Dominique Poulot, professeur à la Sorbonne, a souligné le rôle des musées dans la formation de la conscience nationale en France au XIXe siècle. Privés, à leur création, du caractère d’apprentissage érudit reconnu aux archives, les musées virent progressivement s’affirmer leurs liens avec l’histoire de France, grâce à l’évolution des sciences auxiliaires. Au cours du XIXe siècle, apparurent les musées « cimetières », les musées « reliures des annales de France » (le musée de Versailles, créé en 1837, voulait représenter l’art comme un « art archiviste », seul capable de conserver la mémoire d’une époque), les musées « transformateurs de l’histoire nationale » (au musée de Cluny, le temps passé prenait la parole et se racontait lui-même) et les musées « laboratoires de l’historien ».

C’est à cette dernière catégorie qu’appartenait le musée de l’Histoire de France, créé aux Archives nationales en 1867. Ariane James-Sarazin, conservateur du Département de l’action culturelle et éducative du Centre historique des Archives nationales, en a retracé l’histoire. Dans l’esprit du fondateur du musée, le marquis de Laborde, la conservation du patrimoine écrit national et sa présentation au public allaient de pair.

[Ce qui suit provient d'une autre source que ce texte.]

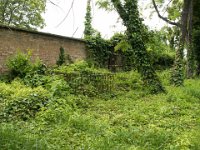 435 - 437 Nusser - Göbel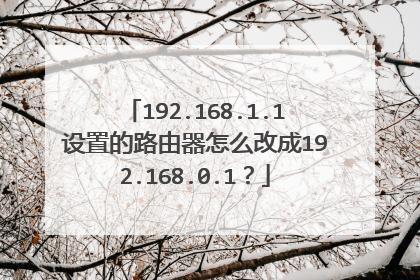 192.168.1.1设置的路由器怎么改成192.168.0.1?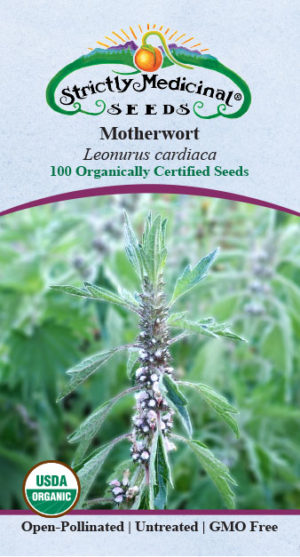 Motherwort (Leonurus Cardiaca) Organic Seeds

L’organisation des espaces du musée et l’exposition des documents suivant un parcours plus chronologique que thématique devaient contribuer à l’affermissement de la conscience nationale en vulgarisant l’histoire et en servant de relais à l’enseignement dispensé par l’École des chartes.

Jean-Paul Bled, professeur à la Sorbonne, a centré son intervention sur la création, en 1852, à Nuremberg, du Musée national germanique, sous le patronage du roi de Bavière. Ce musée devait présenter la totalité de la vie culturelle allemande, soutenir la science allemande, nourrir la fierté des Allemands et servir la cause de l’unité. Après la guerre franco-prussienne, le musée tendit à identifier la nation allemande au Reich dans ses limites de 1871. Le musée devait aussi devenir un grand dépôt des archives nationales, dresser un répertoire des sources de l’histoire allemande et rassembler des documents conservés ailleurs qu’à Nuremberg.

Dans sa synthèse des débats, Krzystof Pomian, directeur de recherche au CNRS, a regretté que la péninsule ibérique, la Russie et l’Europe orthodoxe byzantine n’aient pas été évoquées au cours de ces deux journées, si enrichissantes par ailleurs, et dont les actes seront publiés prochainement. Le XIXe siècle des archives commença en 1790 et finit en 1918. L’apport de la France fut essentiel dans la constitution de l’Europe des archives : le projet napoléonien d’archives de l’Europe entraîna le transport d’archives allemandes, espagnoles et italiennes en France et le système archivistique que la France créa à partir de 1790 influença ses voisins européens. Mais l’Europe des archives se fit aussi par l’intermédiaire des mouvements nationaux (Risorgimento italien, unification allemande) et suite au partage de l’Europe par les quatre grands empires (allemand, austro-hongrois, russe et ottoman). Le XIXe siècle vit une circulation des mouvements et des exemples, mais aussi une émulation, voire une rivalité entre les différents pays européens qui se firent des emprunts les uns aux autres. Contrôlées par l’État (Russie) ou émanant de la société civile (Pologne), nationales ou régionales, les archives furent considérées comme étant tantôt au service de l’histoire tantôt au service de l’administration.

  1. (retour)↑  Décret du 7 septembre 1790 créant les Archives nationales, loi du 7 messidor an V proclamant le principe de disposition des archives pour tous les citoyens, loi de brumaire an V créant le réseau départemental et permettant ainsi le passage de la notion d’archives de l’État à celle d’archives de la Nation.